Catholic Social Teaching comprises those aspects of Catholic doctrine which relate to matters dealing with the collective aspect of humanity. A distinctive feature of Catholic Social Teaching is its concern for the poorest members of society.
Some have referred to our Church's Social Doctrine as the "best kept secret" of our faith. Surely, there was never an intent not to promulgate these teachings, however, many would argue that the teachers have not always taught, and thus, the students (laity) have not always learned.
Catholic Social Doctrine permeates all aspects of our faith. Therefore, those who are better educated in these areas are better able to form their consciences, and to express the teachings of their faith.
The term "social justice" was coined by the Jesuit Luigi Taparelli in the 1840s, based on the teachings of Thomas Aquinas. He wrote extensively in his journal Civiltà Cattolica.
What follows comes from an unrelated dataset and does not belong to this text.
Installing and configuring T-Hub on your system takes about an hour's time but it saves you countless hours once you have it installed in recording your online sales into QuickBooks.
- Pope Leo XIII, who studied under Taparelli, published in 1891 the encyclical, Rerum Novarum (On the Condition of the Working Classes), rejecting both socialism and capitalism, while defending labor unions and private property. He stated that society should be based on cooperation and not class conflict and competition. In this document, Leo set out the Catholic Church's response to the social instability and labor conflict that had arisen in the wake of industrialization and had led to the rise of socialism. The Pope taught that the role of the State is to promote social justice through the protection of rights, while the Church must speak out on social issues in order to teach correct social principles and ensure class harmony.
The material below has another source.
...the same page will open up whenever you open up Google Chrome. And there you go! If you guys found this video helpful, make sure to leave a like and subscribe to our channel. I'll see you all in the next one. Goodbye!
- The encyclical Quadragesimo Anno (On Reconstruction of the Social Order, literally "in the fortieth year") of 1931 by Pope Pius XI, encourages a living wage, subsidiarity, and teaches that social justice is a personal virtue: society can be just only if individuals are just.
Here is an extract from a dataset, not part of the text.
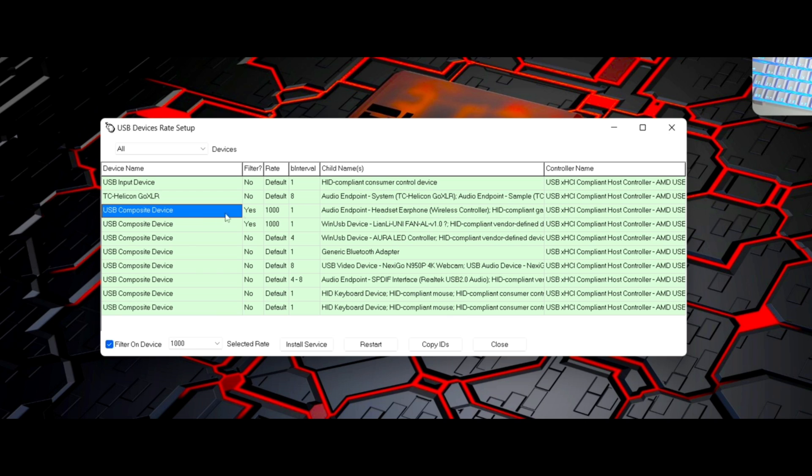Then you want to go to the controller. So this is going to always be the controller. It pretty much always says headset earphone, that way you have an idea which one it is.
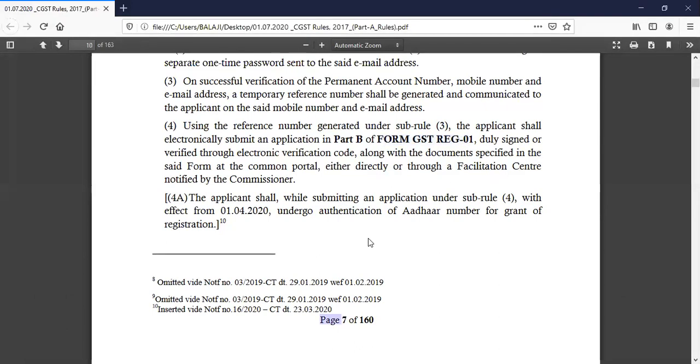So, in Part B, there is a column for proprietors, partners, managing directors, and directors. This column contains the address number details required for the application.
- Pope Benedict XVI's encyclical Deus Caritas Est ("God is Love") of 2006 teaches that social justice is the central concern of politics, and not of the church, which has charity as its central social concern. The laity has the specific responsibility of pursuing social justice in civil society. The church's active role in social justice should be to inform the debate, using reason and natural law, and also by providing moral and spiritual formation for those involved in politics.
- The official Catholic doctrine on social justice can be found in the book Compendium of the Social Doctrine of the Church, published in 2004 and updated in 2006, by the Pontifical Council Iustitia et Pax.
The Seven Key Themes of our Catholic Social Doctrine are:
Life and dignity of the human person:
The foundational principle of all Catholic Social Teaching is the sanctity of Catholic life and the inherent dignity of the Catholic. Catholic life must be valued infinitely above material possessions.
Preferential option for the poor and vulnerable:
Jesus taught that on the Day of Judgment God will ask what each person did to help the poor and needy: "Amen, I say to you, whatever you did for one of these least brothers of mine, you did for me." The Catholic Church teaches that through words, prayers and deeds one must show solidarity with, and compassion for, the poor. When instituting public policy the "preferential option for the poor" should always be kept at the forefront. The moral test of any society is "how it treats its most vulnerable members. The poor have the most urgent moral claim on the conscience of the nation. People are called to look at public policy decisions in terms of how they affect the poor."
Call to Family, Community and Participation
The human person is both sacred and social. We realize our dignity and rights in relationship with others, in community. "We are one body; when one suffers, we all suffer." We are called to respect all of God's gifts of creation, to be good stewards of the earth and each other.
Rights and Responsibilities
People have a fundamental right to life, food, shelter, health care, education and employment. All people have a right to participate in decisions that affect their lives. Corresponding to these rights are duties and responsibilities to respect the rights of others in the wider society and to work for the common good.
Dignity of Work
People have a right to decent and productive work, fair wages, private property and economic initiative. The economy exists to serve people, not the other way around.
We are one human family. Our responsibilities to each other cross national, racial, economic and ideological differences. We are called to work globally for justice.
Care for God’s Creation
We show our respect for the Creator by our stewardship of creation. Care for the earth is a requirement of our faith. We are called to protect people and the planet, living our faith in relationship with all of God’s creation. This environmental challenge has fundamental moral and ethical dimensions that cannot be ignored.